Review: Paper Towns

By Christian DiMartino

John Green’s novels are wildly popular around the world (or, well, the US). I have never read one, because I have a life. But I know people who have, and love them. Hence why The Fault in Our Stars raked in as much cash as it did last year. People love that crap. People also like the novel Paper Towns, which leaves me to wonder: Did they actually pay attention?

Granted, the book and the film may be different. But I somehow get the vibe it is a faithful adaptation, and if that is the case, then this really proves what a writer Green is. I liked The Fault in Our Stars, but yet, I found the dialogue a tad pretentious. Paper Towns continues this, and to cringe-worthy results.

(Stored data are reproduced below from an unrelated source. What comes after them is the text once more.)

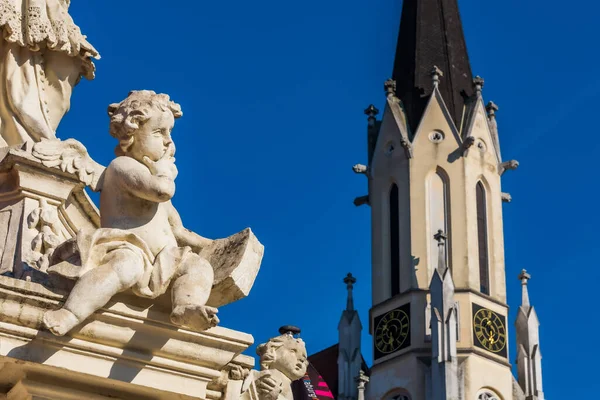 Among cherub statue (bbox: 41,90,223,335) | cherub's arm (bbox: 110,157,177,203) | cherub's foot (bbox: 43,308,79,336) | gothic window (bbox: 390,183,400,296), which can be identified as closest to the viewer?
cherub's foot (bbox: 43,308,79,336)

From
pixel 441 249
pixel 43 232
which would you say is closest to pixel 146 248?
pixel 43 232

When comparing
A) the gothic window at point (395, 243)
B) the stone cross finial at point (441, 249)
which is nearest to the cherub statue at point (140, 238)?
the stone cross finial at point (441, 249)

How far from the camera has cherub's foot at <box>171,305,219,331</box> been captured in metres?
6.65

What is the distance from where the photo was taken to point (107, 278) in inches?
261

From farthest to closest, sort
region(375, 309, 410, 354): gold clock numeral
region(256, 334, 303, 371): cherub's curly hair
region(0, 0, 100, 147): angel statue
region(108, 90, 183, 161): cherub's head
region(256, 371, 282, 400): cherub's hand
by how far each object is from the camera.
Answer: region(375, 309, 410, 354): gold clock numeral → region(0, 0, 100, 147): angel statue → region(256, 334, 303, 371): cherub's curly hair → region(256, 371, 282, 400): cherub's hand → region(108, 90, 183, 161): cherub's head

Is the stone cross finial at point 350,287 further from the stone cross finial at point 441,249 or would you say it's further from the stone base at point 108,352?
the stone base at point 108,352

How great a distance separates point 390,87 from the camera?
77.2 metres

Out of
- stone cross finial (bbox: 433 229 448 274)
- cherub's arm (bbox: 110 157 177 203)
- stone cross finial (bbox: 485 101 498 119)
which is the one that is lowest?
cherub's arm (bbox: 110 157 177 203)

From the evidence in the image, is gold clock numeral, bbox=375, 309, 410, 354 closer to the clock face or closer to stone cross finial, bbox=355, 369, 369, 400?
stone cross finial, bbox=355, 369, 369, 400

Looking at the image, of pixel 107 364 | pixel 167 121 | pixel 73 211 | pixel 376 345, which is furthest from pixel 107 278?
pixel 376 345

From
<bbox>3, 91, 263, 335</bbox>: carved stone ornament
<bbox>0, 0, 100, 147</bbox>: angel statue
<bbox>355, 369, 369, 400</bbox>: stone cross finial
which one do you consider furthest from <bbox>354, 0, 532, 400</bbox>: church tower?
<bbox>3, 91, 263, 335</bbox>: carved stone ornament

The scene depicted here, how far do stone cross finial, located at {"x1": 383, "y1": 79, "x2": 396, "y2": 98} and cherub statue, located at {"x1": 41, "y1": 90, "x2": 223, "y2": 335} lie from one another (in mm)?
70049

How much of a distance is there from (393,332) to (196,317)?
6760 cm

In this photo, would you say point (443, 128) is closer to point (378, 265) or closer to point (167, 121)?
point (378, 265) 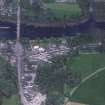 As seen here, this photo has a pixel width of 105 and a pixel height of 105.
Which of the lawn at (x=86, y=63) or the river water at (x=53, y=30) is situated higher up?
the river water at (x=53, y=30)

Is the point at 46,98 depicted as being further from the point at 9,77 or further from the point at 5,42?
the point at 5,42

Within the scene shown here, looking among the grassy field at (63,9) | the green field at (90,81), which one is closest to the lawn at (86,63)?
the green field at (90,81)

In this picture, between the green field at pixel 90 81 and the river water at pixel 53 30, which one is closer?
the green field at pixel 90 81

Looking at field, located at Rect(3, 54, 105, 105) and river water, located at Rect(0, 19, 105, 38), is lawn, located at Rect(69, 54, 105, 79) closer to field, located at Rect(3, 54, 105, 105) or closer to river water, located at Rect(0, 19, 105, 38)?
field, located at Rect(3, 54, 105, 105)

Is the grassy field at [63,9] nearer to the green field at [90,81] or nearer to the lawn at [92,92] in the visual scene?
the green field at [90,81]

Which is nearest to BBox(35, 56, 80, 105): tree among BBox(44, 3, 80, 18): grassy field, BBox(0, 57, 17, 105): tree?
BBox(0, 57, 17, 105): tree

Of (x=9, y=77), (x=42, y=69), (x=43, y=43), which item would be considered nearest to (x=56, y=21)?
(x=43, y=43) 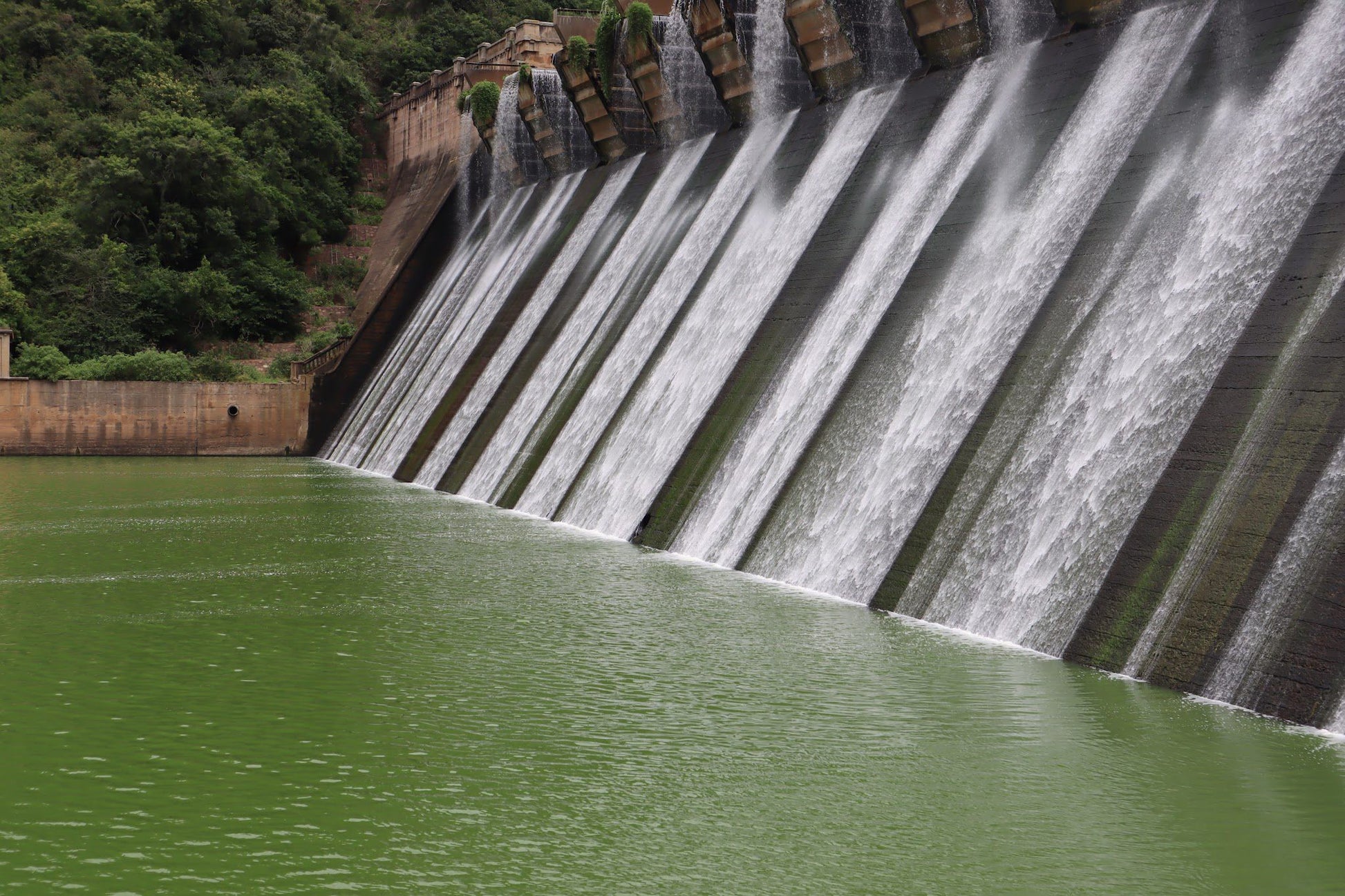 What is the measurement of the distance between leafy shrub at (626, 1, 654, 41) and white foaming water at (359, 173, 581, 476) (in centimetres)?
484

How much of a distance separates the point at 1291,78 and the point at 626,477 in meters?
8.58

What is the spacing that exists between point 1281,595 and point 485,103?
99.0 ft

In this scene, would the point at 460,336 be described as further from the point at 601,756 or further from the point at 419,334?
the point at 601,756

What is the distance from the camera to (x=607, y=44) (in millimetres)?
26766

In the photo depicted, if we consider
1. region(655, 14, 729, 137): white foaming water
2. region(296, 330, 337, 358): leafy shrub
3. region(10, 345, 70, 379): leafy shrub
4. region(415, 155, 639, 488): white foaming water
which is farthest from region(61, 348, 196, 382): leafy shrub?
region(655, 14, 729, 137): white foaming water

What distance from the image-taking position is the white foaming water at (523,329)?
76.9ft

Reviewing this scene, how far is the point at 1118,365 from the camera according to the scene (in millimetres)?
9898

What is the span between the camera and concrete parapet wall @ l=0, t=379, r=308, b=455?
98.3 feet

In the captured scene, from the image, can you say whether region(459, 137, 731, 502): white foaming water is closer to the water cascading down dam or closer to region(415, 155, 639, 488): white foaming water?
the water cascading down dam

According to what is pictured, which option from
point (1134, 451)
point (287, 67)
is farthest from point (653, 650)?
point (287, 67)

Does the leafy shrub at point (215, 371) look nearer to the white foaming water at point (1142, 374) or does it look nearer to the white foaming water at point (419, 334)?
the white foaming water at point (419, 334)

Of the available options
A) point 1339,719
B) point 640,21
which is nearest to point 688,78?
point 640,21

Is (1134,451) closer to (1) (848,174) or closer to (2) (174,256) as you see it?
(1) (848,174)

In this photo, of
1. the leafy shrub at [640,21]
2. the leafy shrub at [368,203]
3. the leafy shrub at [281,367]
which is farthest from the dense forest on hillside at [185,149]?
the leafy shrub at [640,21] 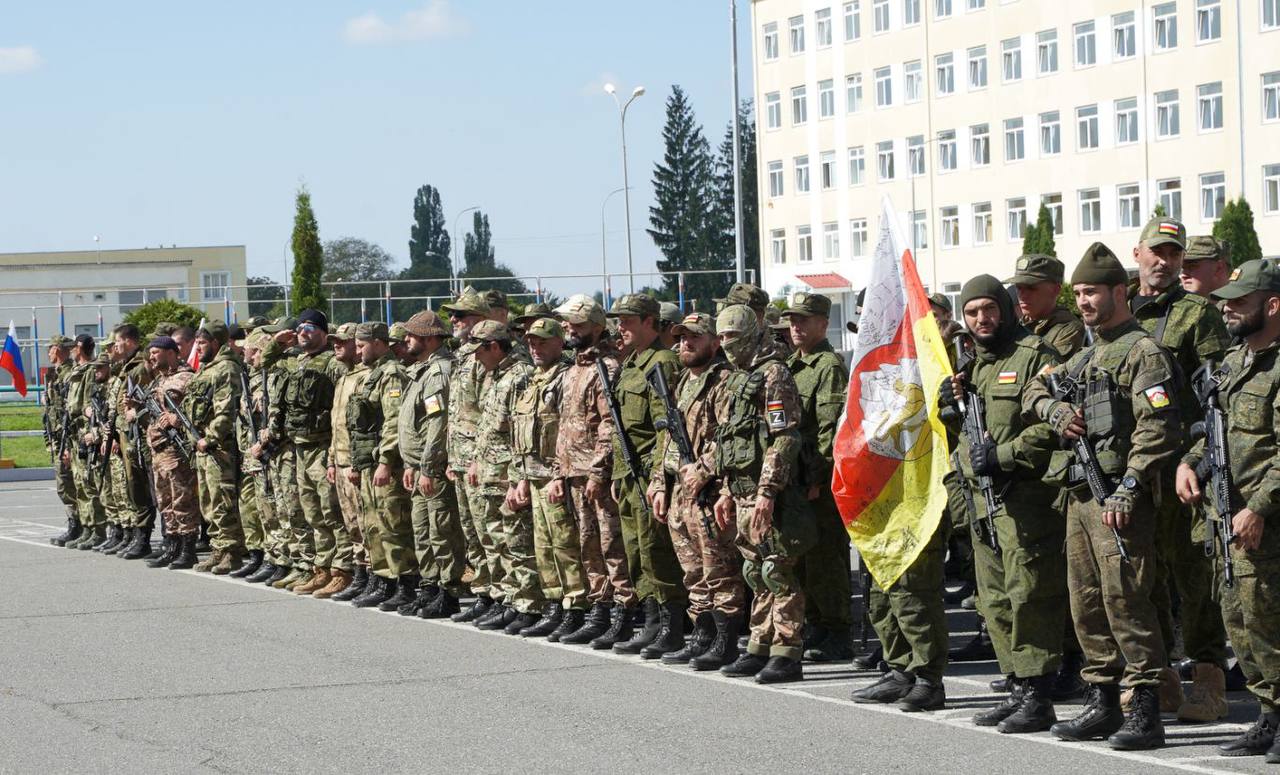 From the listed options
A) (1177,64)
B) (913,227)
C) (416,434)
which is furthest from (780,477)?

The trailers were corny, but I did not expect to hate this film as much as I did. The critics were a little more than generous to this film back in July. Maybe they were not looking at the big picture. Well, I did. Paper Towns is utter trash. It is a corny, pretentious, rambling, unconvincing, pointless, overlong, dull, and stupid piece of garbage.

The film revolves around a teenager named Quentin (Nat Wolff). Quentin has the hots for his neighbor, Margo (Cara Delevigne), a mysterious girl who… well, what do you say about her? Is there really much to say? She’s gone 75% of the movie. From what I gather, she is nothing but a stupid hipster douchebag, referring to herself as a “Paper Girl,” and I do not mean the kind that hands out newspapers. I do not know what I mean. I do not know what she means. Ah! It is stupid.

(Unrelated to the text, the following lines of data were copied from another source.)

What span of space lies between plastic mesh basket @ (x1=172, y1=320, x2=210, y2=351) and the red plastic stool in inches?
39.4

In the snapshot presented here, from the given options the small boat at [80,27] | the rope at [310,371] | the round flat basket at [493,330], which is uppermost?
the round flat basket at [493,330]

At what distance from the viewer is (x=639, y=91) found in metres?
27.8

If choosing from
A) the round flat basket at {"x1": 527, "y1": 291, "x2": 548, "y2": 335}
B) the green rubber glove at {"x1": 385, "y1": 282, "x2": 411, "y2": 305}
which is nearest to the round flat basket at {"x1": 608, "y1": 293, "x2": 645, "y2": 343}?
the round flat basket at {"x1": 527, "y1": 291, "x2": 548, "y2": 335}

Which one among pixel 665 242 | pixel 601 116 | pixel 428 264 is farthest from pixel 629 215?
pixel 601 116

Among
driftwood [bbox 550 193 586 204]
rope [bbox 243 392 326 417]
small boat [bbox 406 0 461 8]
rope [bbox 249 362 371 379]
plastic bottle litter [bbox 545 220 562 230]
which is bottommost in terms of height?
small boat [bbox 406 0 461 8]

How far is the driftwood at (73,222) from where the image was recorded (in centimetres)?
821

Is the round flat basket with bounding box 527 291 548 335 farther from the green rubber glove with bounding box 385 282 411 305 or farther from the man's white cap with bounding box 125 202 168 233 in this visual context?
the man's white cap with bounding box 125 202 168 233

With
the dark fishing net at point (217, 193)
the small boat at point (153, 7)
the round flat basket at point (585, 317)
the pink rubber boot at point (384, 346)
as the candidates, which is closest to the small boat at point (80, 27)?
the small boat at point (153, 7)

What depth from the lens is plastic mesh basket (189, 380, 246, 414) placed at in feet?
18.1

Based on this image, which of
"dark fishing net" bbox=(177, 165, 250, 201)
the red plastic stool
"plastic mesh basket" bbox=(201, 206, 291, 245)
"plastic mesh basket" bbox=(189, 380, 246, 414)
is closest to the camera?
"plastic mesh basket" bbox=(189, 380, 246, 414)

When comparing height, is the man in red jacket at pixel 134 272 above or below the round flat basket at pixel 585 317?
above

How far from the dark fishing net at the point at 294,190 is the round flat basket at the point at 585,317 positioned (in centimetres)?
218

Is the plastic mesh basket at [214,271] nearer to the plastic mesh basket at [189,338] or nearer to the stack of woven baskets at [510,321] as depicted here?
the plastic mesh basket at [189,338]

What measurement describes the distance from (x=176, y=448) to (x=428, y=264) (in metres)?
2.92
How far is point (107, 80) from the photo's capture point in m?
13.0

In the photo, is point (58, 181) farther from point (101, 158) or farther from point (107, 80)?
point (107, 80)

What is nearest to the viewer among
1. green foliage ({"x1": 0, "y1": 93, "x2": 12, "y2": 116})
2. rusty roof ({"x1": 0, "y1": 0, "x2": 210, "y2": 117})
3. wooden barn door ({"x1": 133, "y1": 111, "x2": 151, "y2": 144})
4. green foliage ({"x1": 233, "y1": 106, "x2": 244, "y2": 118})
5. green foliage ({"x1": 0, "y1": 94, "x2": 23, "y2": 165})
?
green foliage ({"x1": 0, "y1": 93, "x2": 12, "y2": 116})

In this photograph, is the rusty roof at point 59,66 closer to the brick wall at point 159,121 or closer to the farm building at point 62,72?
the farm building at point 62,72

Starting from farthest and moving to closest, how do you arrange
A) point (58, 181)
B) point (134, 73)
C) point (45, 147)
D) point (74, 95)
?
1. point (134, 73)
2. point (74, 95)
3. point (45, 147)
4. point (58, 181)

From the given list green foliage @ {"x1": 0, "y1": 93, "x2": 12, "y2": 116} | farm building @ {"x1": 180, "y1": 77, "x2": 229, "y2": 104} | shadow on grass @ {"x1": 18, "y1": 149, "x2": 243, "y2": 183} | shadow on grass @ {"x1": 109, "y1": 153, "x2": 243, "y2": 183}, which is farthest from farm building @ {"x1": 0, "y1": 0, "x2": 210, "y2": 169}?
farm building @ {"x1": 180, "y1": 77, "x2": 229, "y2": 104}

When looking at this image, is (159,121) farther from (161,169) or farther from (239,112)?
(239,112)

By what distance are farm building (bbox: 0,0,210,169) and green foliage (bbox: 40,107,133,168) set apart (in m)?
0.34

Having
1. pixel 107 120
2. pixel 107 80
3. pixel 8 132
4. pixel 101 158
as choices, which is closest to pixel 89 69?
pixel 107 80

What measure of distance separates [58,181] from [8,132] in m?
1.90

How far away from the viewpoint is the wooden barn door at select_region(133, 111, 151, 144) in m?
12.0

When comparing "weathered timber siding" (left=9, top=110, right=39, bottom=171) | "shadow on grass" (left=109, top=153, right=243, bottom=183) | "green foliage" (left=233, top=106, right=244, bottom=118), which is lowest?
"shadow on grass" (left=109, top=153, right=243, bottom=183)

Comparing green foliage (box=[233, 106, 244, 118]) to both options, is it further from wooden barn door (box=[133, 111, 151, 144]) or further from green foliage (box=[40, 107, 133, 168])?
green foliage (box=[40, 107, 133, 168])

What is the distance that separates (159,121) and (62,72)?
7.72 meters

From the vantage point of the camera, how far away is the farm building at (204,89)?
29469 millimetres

Anyways, the two have a past. She re-enters his life again one night, asking him to be a getaway driver or something. I do not know, but this portion of the film is kind of fun. Margo begins planning revenge schemes against those who screwed her over. I enjoy revenge, so I kind of enjoyed her schemes.

Jump forward to the next day and… she is gone, leaving behind vague clues as to where she is. Basically, what worked up to this point vanishes as quickly as Margo herself. The film also revolves around Quentin’s friends, who… well, I could not care less about. In fact, when these characters are in the face of danger (they nearly run over a cow), I had my fingers crossed that they would die, just so then the movie would end.

I am not going to continue with the plot. I do not have the energy. I do however have the energy to rant about how much I hate this movie (just enough energy). Let’s just get one thing straight: Teenagers DO NOT talk like this. Like ever. Trust me, I was one. Green’s dialogue will make you roll your eyes into your skull. His characters talk fancy, and I honestly just could not buy any of these characters as actual people. They are concepts.

I do admire its ending. Most movies give the people what they want. This one does not do that. However, it does defeat the purpose of the entire film.

Lastly, this is a film that is not as deep as it thinks it is. The dialogue could be to blame again, but nah. Let’s just blame Green. Paper Towns tries to persuade us into buying into its themes and ideas… but yet, I am not quite sure what those are. We are just supposed to believe it means something. I saw the film. It does not.

I have seen Green on videos. He is clearly intelligent… so intelligent that he wants to ram it down our throats until we gasp for air. It is probably not fair of me to judge him, since I have not read his work. But I think the film speaks for itself.

If you could not tell, I hated this movie. You Green fans can throw your pitchforks and your popcorn, I get it. But if you can tell me with a straight face that this movie is good, then… okay I have said enough.